INSTRUCTIONS TO FOLLOW
If a line in the data holds the string "Apartment", list it.

Crawled caption data
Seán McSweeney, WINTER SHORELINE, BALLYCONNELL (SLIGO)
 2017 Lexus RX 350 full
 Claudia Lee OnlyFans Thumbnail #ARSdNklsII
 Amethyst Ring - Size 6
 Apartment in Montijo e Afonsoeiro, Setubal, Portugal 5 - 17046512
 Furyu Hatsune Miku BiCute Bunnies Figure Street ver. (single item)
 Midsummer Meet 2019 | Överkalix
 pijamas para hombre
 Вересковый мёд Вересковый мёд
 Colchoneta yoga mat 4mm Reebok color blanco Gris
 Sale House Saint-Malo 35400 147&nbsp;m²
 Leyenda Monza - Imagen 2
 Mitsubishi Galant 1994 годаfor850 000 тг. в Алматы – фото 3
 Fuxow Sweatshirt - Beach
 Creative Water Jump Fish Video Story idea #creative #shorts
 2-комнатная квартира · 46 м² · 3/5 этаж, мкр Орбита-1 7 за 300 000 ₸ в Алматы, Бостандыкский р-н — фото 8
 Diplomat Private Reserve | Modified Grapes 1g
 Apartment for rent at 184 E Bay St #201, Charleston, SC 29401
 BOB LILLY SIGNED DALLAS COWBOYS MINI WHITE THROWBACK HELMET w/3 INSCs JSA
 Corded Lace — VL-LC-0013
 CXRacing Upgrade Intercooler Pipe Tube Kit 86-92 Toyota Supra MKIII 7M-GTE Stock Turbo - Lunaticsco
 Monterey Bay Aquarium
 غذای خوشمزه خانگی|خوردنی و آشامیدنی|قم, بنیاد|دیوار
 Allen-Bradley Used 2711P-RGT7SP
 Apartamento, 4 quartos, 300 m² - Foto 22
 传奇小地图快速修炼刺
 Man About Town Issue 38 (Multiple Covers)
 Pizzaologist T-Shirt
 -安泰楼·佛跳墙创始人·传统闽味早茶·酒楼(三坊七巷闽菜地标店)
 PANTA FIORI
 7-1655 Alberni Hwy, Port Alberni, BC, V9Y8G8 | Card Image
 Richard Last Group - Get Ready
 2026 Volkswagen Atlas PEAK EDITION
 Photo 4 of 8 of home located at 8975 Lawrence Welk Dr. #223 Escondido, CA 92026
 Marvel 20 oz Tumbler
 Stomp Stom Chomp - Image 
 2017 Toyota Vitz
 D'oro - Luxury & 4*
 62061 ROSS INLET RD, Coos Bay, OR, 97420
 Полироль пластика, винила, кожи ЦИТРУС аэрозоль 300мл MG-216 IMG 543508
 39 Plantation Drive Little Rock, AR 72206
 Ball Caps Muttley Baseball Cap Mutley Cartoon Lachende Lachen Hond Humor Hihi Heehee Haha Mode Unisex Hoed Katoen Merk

SOLUTION TO THE EXERCISE
 Apartment in Montijo e Afonsoeiro, Setubal, Portugal 5 - 17046512
 Apartment for rent at 184 E Bay St #201, Charleston, SC 29401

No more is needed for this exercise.